Dix-huit mois après l'accord historique sur le climat signé à Paris, Donald Trump a annoncé jeudi sa décision de retirer les États-Unis de cet accord. Ce retrait pourrait sérieusement compliquer l’objectif de réduire à moins de 2°C le réchauffement mondial et pourrait créer un effet "boule de neige" auprès d’autres pays. La question a d'ailleurs profondément divisé le G7 qui vient de s'achever en Sicile, lors duquel tous les participants, à l'exception du président américain, ont réaffirmé leur engagement envers cet accord sans précédent.
- À quoi s'étaient engagés les États-Unis ?
Les États-Unis, deuxième pollueur mondial, avaient signé et ratifié l’accord sur le climat sous l'égide de l’ancien président Barack Obama. Ce dernier s’était engagé à ce que le pays réduise ses émissions de gaz à effet de serre de 26 à 28% d’ici 2025 par rapport à 2005. Mais le président Donald Trump s’est attaqué au bilan de son prédécesseur sur le climat, en promettant notamment un renouveau de l’industrie du charbon, une politique en contradiction avec la transition énergétique.
La position de Donald Trump sur le changement climatique était jusqu'ici plus que floue. Interrogé mardi dernier sur ce thème, son porte-parole Sean Spicer était resté extrêmement évasif. Le président croit-il à l'impact des activités humaines sur le changement climatique ? "Je ne peux le dire, je ne lui ai pas demandé", avait répondu ce dernier. Une formule prémonitoire…
- Quels effets sur le réchauffement climatique ?
En signant et ratifiant cet accord sur le climat, 147 pays s'étaient engagés pour réduire à moins de 2°C le réchauffement mondial par rapport au niveau de la révolution industrielle. Mais même avec les engagements pris par chacun - l’accord est non contraignant et chaque pays se fixe des objectifs -, la planète reste pour l’instant sur une trajectoire de + 3°C.
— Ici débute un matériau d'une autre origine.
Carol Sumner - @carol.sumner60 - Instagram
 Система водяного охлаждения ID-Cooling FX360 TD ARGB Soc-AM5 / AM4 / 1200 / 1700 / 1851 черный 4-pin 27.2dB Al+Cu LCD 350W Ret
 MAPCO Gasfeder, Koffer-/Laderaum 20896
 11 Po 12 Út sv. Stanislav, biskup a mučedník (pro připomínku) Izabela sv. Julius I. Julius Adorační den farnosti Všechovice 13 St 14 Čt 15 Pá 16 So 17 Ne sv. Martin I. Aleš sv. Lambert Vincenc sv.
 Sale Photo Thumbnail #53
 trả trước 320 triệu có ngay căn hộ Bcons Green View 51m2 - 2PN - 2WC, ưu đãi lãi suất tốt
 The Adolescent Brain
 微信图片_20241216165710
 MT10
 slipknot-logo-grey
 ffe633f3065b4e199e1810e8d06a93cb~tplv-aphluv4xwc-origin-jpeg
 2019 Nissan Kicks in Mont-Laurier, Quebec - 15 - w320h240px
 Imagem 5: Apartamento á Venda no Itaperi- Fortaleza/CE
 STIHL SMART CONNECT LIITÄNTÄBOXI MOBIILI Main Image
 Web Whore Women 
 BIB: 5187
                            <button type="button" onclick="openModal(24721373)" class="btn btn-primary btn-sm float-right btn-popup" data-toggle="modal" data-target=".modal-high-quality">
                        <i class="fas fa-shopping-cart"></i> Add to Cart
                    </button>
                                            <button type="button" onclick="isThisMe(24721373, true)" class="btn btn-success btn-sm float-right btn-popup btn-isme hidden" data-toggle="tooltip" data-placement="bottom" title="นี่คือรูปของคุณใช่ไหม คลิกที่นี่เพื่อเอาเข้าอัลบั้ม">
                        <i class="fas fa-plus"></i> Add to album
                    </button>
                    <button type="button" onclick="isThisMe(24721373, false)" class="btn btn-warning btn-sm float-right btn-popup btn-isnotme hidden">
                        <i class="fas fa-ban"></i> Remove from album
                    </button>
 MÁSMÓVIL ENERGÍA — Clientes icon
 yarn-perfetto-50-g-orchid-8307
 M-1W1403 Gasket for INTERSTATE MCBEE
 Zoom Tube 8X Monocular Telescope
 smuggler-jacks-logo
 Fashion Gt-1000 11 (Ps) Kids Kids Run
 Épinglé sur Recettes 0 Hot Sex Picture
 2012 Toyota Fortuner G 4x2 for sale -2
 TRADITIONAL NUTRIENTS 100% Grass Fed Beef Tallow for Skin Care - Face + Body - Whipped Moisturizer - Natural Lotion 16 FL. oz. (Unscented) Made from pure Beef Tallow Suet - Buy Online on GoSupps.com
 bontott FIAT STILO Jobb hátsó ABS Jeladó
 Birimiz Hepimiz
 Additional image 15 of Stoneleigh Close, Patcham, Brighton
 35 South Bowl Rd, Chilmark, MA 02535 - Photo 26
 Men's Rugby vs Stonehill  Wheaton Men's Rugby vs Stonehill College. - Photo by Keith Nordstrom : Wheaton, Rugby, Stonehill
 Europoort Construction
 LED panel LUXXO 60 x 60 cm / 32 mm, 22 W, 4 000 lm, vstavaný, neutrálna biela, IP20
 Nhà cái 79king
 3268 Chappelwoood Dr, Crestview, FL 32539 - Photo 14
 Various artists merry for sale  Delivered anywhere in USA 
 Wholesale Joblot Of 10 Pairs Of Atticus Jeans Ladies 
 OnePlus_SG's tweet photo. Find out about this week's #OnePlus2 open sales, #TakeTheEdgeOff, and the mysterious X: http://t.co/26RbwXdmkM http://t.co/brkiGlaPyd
Des chercheurs ont essayé de réaliser des simulations pour mesurer les effets d'un retrait des États-Unis sur le réchauffement climatique. Selon les projections de l’équipe de chercheurs Climate interactive relayées par l'agence Associated Press, si les États-Unis ne respectent pas leurs engagements, la quantité de gaz à effet de serre augmentera de 3 milliards de tonnes d’équivalent C02 par an d’ici 2030. D’ici la fin du siècle, le pays pourrait alors être responsable d’une hausse de 0,3° C sur celle de 2° à 3°C qui se profile. Selon un deuxième modèle cité par AP et réalisé par Climate action tracker, le réchauffement provoqué par les États-Unis pourrait être un peu moindre, de l'ordre de 0,1 à 0,2 °C.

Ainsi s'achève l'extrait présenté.